He dragged Doc to his feet, followed by Morgan and Hugh. On each of their sweaty yellow shirts were the letters “IWW”.

Flaherty raised his hands.

“IWW,” he shouted. “IWW! Our boys! Our boys! They’re with us!” The message quickly passed through the crowd. Silence fell, to be replaced, not by jeers, but by mounting applause.

Morgan pushed at Doc’s shoulder, pointing to the finish. “On you go, Doc. It’s your money.”

Doc rubbed his lip and smiled. He realized now why Flanagan had insisted on the IWW vests. A moment later he was trotting towards the finish, through waves of applause, up the narrow channel in the crowd. He passed the finishing line as the applause reached a crescendo. Flanagan was standing just beyond the massed band, his face swollen and bruised.

Doc winked at him.

“Looks like you’ve seen a little trouble, Flanagan,” he said. “You should have worn one of your own vests.”

Flanagan fingered his eye and grinned wryly.

 

Eamon Flaherty entered the Trans-America caravan, slowly peeled the paper from a large red steak and slapped the meat on the table.

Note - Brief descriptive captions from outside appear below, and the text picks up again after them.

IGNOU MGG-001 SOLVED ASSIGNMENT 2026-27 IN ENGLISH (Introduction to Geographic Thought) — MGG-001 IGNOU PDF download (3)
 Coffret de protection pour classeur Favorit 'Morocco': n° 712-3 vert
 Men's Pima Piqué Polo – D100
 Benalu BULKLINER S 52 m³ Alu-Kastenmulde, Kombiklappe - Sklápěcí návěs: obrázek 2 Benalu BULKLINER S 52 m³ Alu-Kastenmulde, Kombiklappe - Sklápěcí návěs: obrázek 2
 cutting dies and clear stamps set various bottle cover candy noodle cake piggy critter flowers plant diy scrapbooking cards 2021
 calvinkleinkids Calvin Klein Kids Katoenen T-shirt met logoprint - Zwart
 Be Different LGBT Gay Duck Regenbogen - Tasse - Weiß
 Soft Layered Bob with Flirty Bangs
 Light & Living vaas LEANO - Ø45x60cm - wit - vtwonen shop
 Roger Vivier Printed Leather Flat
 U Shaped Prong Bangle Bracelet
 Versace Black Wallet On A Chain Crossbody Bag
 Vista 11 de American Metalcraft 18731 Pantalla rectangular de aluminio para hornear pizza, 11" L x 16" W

“It’s the least I can do,” he said. “Slap it on that eye of yours. The bruise’ll be out in a couple of days, with luck.”

Willard gingerly picked up the limp steak, took it over to the refrigerator and put it on the top shelf. Flanagan beckoned the IWW leader to sit down.

“Beer?” he said.

“Thanks,” said Flaherty. “I’m real glad you’re taking it so well. I told you there was nothing personal.”

“There’s always something very personal about a black eye,” said Flanagan, pouring out a foaming beer for his guest. “Still, I can see your beef. Your IWW boys are out on strike. The Six Companies sponsored the Trans-America. I took their money, so I’ve got to be the bad guy.”

Flaherty wiped the tears from his eyes as the cold drink hit the back of his throat.

“Christ, you don’t know the half of it,” he said. “Sure, the boys was fired up when they heard those fat-arses had backed your race. Hell, we’ve been out for over two months now. Two months of nothing but Mulligan’s stew and sourdough biscuits.”

“Why are you out, Flaherty? Is it the money?” asked Willard.

Flaherty took another pull at his beer and shook his head. “No, the money’s okay,” he said. “Good for these times. But my guys are losing blood at the dam. Three men dead in the last six months, fifty-two more busted up bad. No safety rules, no insurance, no sick pay. That’s all the IWW is out for.”

“Aren’t there state safety rules?” asked Flanagan.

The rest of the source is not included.